#### THE PROBLEM:
The answer must consist of each line below that contains the word "image", copied in full.

#### INFORMATION SUPPLIED:
Content starts
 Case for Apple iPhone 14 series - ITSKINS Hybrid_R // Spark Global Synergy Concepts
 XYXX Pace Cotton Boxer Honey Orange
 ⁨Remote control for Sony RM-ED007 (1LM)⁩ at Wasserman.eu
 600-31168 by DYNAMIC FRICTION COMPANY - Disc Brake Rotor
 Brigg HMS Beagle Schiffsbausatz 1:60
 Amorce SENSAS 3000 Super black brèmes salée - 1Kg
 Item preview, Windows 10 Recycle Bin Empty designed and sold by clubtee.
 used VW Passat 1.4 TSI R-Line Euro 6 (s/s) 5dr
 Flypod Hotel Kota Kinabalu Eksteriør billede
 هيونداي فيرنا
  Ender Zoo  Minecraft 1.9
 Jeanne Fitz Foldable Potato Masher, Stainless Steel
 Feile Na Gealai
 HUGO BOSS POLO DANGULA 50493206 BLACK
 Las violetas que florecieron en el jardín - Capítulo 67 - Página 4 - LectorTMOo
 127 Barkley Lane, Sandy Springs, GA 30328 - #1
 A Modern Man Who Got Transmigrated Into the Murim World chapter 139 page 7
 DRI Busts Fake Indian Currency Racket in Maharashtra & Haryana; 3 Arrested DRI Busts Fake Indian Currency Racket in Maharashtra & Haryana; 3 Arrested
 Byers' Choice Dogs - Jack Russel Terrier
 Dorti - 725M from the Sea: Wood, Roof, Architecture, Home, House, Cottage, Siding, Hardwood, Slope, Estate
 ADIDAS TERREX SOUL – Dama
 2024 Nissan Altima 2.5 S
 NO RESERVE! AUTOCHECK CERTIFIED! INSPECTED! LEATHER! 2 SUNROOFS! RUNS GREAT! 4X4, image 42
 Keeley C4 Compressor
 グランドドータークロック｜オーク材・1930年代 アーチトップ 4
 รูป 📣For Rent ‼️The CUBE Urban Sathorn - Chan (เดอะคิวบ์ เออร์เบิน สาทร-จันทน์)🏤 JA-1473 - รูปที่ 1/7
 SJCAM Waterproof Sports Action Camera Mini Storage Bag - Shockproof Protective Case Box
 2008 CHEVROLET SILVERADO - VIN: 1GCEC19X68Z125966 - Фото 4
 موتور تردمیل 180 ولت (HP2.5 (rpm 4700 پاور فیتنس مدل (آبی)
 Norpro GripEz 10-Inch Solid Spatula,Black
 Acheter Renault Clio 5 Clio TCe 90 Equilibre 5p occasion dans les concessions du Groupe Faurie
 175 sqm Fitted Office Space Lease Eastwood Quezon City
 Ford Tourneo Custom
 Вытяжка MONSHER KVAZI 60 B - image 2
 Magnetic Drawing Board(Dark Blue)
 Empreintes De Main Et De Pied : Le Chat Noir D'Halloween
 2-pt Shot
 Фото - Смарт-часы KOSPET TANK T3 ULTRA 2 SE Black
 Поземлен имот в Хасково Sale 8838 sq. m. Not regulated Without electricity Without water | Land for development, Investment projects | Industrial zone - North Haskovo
Content ends
#### RESPONSE AREA:
 NO RESERVE! AUTOCHECK CERTIFIED! INSPECTED! LEATHER! 2 SUNROOFS! RUNS GREAT! 4X4, image 42
 Вытяжка MONSHER KVAZI 60 B - image 2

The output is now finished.